What level of fitness is ideal for vocalists?
My voice teacher says I have to match my singing time with exercise time. In other words, if I want to sing for 30 minutes, I have to exercise for 30 minutes. Can that be right??
This question did put a smile on my face: your singing teacher clearly has brilliant methods of keeping you disciplined.
Do you HAVE TO EXERCISE as a singer?
No, you do not.
Is it a good idea to exercise as a singer?
Yes, it is.
There are many singers who are extremely unfit—a certain level of fitness does help singers.
Firstly, it will improve your appearance; ‘image’ is important to a performer, whether we like it or not.
Just have a look at the covers of opera magazines; commercially successful singers, whether they are rock stars or classical divas, tend to look the part.
Being unfit hinders your capacity to move onstage at the same time as you’re singing: if you have to dance and this causes you to become entirely out of breath, your singing will clearly suffer.
The exercise most directly suited to the actual technique of singing is Pilates.
Pilates is very much about isolating specific muscle groups, in particular those muscles which give you core stability—those around your pelvic girdle and lower abdomen.

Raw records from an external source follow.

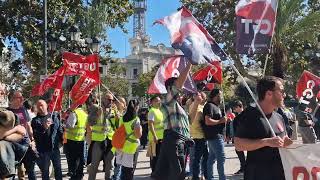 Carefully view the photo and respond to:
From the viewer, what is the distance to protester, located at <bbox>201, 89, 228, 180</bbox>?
9.14 m

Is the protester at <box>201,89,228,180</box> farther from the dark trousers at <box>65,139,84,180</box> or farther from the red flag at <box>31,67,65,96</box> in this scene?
the red flag at <box>31,67,65,96</box>

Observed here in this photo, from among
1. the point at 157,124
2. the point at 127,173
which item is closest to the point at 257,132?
the point at 127,173

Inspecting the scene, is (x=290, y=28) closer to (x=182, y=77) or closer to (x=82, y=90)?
(x=82, y=90)

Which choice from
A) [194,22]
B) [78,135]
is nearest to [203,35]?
[194,22]

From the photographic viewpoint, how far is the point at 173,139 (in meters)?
6.79

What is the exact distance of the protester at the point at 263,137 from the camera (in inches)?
177

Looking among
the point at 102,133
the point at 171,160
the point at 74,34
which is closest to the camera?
the point at 171,160

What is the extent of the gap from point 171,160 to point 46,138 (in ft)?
11.0

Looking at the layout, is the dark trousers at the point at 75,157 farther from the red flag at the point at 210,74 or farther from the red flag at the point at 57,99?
the red flag at the point at 210,74

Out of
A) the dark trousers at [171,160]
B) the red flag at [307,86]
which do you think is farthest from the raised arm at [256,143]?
the red flag at [307,86]

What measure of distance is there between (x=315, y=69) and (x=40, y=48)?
1154 centimetres

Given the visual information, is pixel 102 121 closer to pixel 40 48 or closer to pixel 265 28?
pixel 265 28

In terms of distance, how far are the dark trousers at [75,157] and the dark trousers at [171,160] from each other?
3.89 meters

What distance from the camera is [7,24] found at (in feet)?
76.2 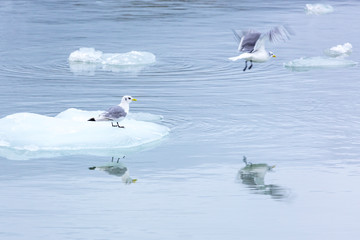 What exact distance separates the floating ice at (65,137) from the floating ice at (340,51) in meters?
7.60

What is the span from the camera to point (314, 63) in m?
18.2

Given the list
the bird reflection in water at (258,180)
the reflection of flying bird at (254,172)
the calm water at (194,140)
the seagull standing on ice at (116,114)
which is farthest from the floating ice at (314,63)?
the reflection of flying bird at (254,172)

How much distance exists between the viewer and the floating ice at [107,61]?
741 inches

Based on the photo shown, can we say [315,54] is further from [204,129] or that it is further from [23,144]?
[23,144]

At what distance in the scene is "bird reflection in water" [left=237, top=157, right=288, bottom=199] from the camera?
10500mm

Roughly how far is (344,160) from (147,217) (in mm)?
3233

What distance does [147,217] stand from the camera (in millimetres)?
9539

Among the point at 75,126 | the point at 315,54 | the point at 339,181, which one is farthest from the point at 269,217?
the point at 315,54

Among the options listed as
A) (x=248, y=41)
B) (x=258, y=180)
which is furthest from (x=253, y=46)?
(x=258, y=180)

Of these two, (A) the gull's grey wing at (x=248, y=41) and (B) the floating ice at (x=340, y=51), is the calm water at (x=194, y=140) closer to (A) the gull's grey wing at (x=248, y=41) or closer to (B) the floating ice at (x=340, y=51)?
(B) the floating ice at (x=340, y=51)

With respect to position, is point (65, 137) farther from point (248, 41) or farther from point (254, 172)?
point (248, 41)

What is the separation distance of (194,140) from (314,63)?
6065mm

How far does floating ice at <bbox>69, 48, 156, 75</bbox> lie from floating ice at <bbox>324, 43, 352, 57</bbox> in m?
3.55

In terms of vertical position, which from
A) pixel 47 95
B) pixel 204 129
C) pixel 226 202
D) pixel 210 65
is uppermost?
pixel 210 65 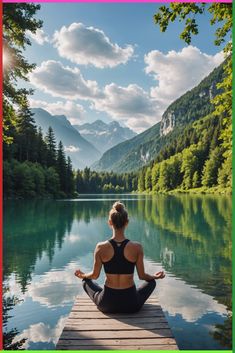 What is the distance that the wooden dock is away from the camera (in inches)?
200

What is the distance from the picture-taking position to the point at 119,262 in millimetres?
Answer: 6230

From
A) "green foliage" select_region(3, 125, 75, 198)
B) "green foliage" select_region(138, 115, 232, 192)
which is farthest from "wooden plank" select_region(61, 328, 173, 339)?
"green foliage" select_region(138, 115, 232, 192)

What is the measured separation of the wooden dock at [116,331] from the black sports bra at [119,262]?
2.50 feet

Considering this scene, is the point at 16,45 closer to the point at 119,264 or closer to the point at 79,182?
the point at 119,264

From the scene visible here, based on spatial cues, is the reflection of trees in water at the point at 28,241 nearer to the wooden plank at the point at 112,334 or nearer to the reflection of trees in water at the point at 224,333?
the reflection of trees in water at the point at 224,333

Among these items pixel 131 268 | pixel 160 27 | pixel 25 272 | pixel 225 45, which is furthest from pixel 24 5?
pixel 131 268

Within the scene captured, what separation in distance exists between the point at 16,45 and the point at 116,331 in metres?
14.4

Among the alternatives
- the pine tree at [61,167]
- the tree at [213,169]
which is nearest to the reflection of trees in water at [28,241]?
the pine tree at [61,167]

If these muscles are weak then supporting and anchoring whilst singing will be much more difficult.
Pilates, the Alexander technique and Yoga will all help to strengthen these muscles.
However, some forms of exercise, taken to an extreme, are not so useful for singers.
For instance, although a bit of light weightlifting in the gym will do you good, very heavy body building is not a good idea for singers.
When one lifts very heavy weights, the larynx automatically constricts.
Coughing, straining, rasping, and holding one’s breath (all encouraged by heavy -weight lifting), encourage the false folds to constrict.
It is very important for singers to have retracted false folds so that the true folds can vibrate freely.
Another exercise that is not ideal for singers is one where the rectus abdominis is overworked; this is the large stomach muscle which tends to be worked when doing sit-ups.
Again, in moderation, this is absolutely fine and healthy.
However, dancers who have very tight abdominals also find it very hard to release them.
When singers breathe in, they should release their lower abdominal muscles whilst inhaling so that the lungs can expand downwards and sideways.
This means that there is less air pressure immediately below the vocal folds, which makes singing much easier.
So, the answer is:
Exercise is very beneficial, avoid heavy weightlifting, and do Pilates if you can.